Expressing her renewed obligation to her position as Knesset speaker, she declared that she loves the job and is proud of it, and hoped to return the keys to the President's Residence as soon as possible.

Itzik is to be praised for the modesty inherent in her statement: Here is a public figure who knows her limitations. She knows she was chosen as Knesset speaker not because she was the natural candidate for the position, but because she knew how to take advantage of opportune political circumstances.

She knows she must still prove that the choice was justified, that she has a long road ahead of her to become the supreme parliamentary authority in the Israeli legislature, that she must pass constitutional and political tests that are far from simple before she can be considered a national leader of the first order.

In other words, Itzik's statement contains recognition that the job of state president is too big for her at this moment in time, that she must first persuade the public that she is worthy of the position of Knesset speaker.

This self-awareness should be at the forefront of the minds of the politicians knocking on Ehud Olmert's door as he hands out cabinet portfolios.

Ehud Barak believed himself a political genius when he chose to assemble a cabinet that harnessed two horses that could not pull together - Shas and Meretz. "They will balance each other out," he said with self-confidence. He also believed that he could beat the system when he gave Shlomo Ben-Ami the public security portfolio, of all things, at the same time he placed David Levy at the helm of the Foreign Ministry.

Barak justified these acrobatics with sophisticated explanations, but reality responded by giving him a slap in the face. His government collapsed quickly because from the outset he did not found it on partners who shared basic harmony.

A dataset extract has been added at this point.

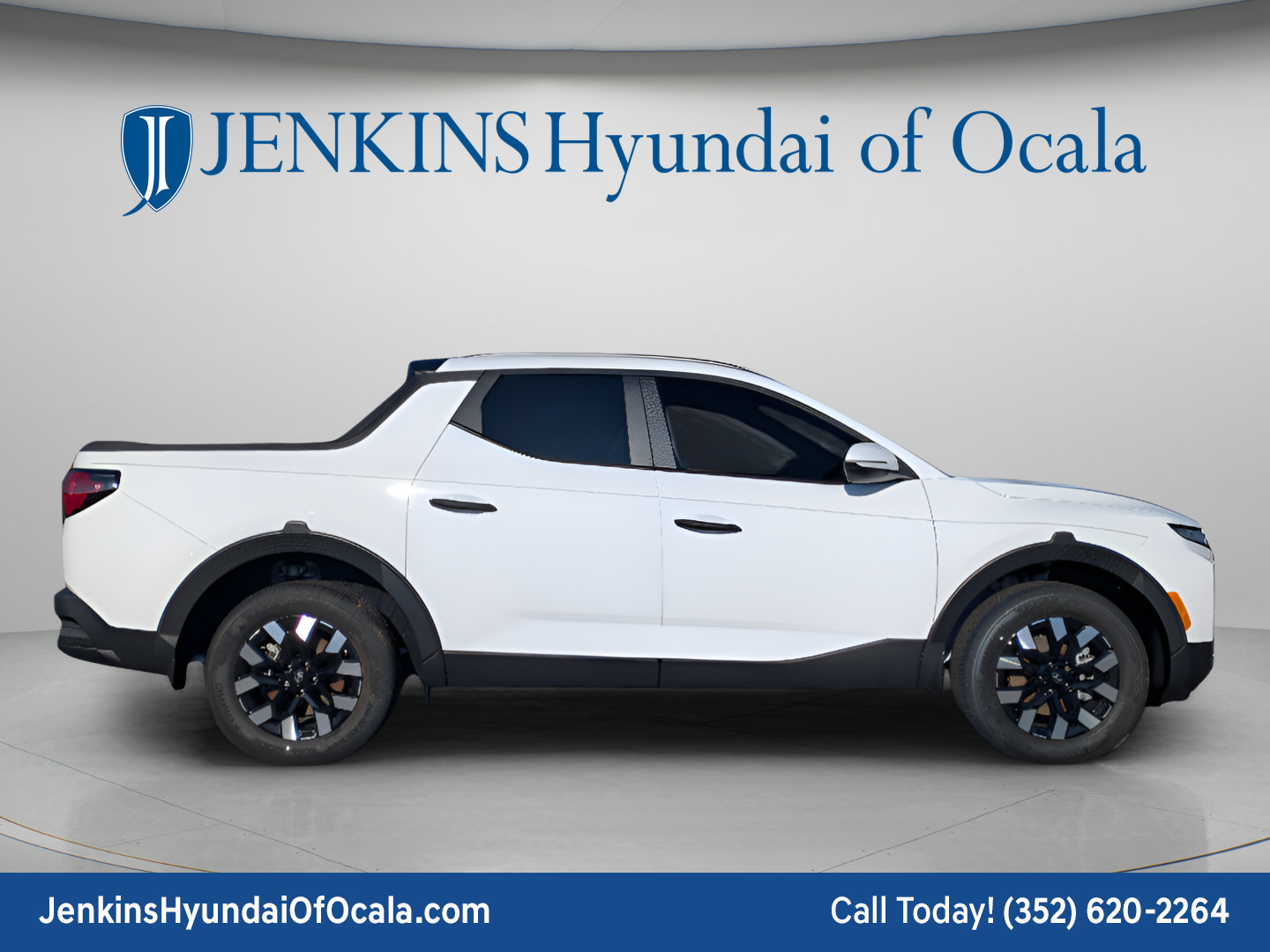 Certified 2026 Hyundai Santa Cruz SEL FWD image 2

The results of his ministerial appointments could be seen, among other things, in the handling of the events of October 2000 in the Arab sector and of Israel's international status while he was premier.

Ehud Olmert found it proper to choose Amir Peretz as defense minister, Abraham Hirchson as finance minister, and Avigdor Lieberman as minister of strategic affairs. And now he is about to make new appointments in a number of ministries.

The success of Peretz's tenure in the Defense Ministry can be gauged by the results of the second Lebanon war; the extent of Hirchson's suitability to head the treasury can be seen by the interest the police have taken in his involvement in the dealings of the Nili non-profit association, and the wisdom of involving Lieberman in the area of strategy can be judged by his heated statements in that regard.

Prime Minister Olmert must now determine whether to continue his mistaken path of appointments or to correct it. He must ask himself whether Ghaleb Majadele, whose appointment is welcome in itself because of its symbolic significance, is the right man to head the science and culture ministry (a question that could also have been posed regarding Matan Vilnai in the Barak cabinet), and if Roni Bar-On should occupy the justice minister's chair.

He must consider the significance of appointing an MK with racist opinions, like Esterina Tartman, to his cabinet, just as he is not exempt from scrutinizing whether placing the communications portfolio in the hands of Shas was a wise decision.

Olmert would respond that he is operating out of political exigencies. That is true; but the prime minister has some room to maneuver in filling cabinet posts and distributing portfolios among the parties. He must avoid, first and foremost, creating a built-in conflict between the bearer of a portfolio and the ministry he or she has been given to head.

People who have been entrusted with important governmental duties must deal with crises that reveal their personal suitability for the position. Look at the behavior of President Katsav and the judgment Haim Ramon demonstrated in recent weeks.

Why, from the outset, choose politicians for jobs that are too big for them? Olmert, and especially those who are competing for the vacant cabinet portfolios, would be well advised to learn from Dalia Itzik.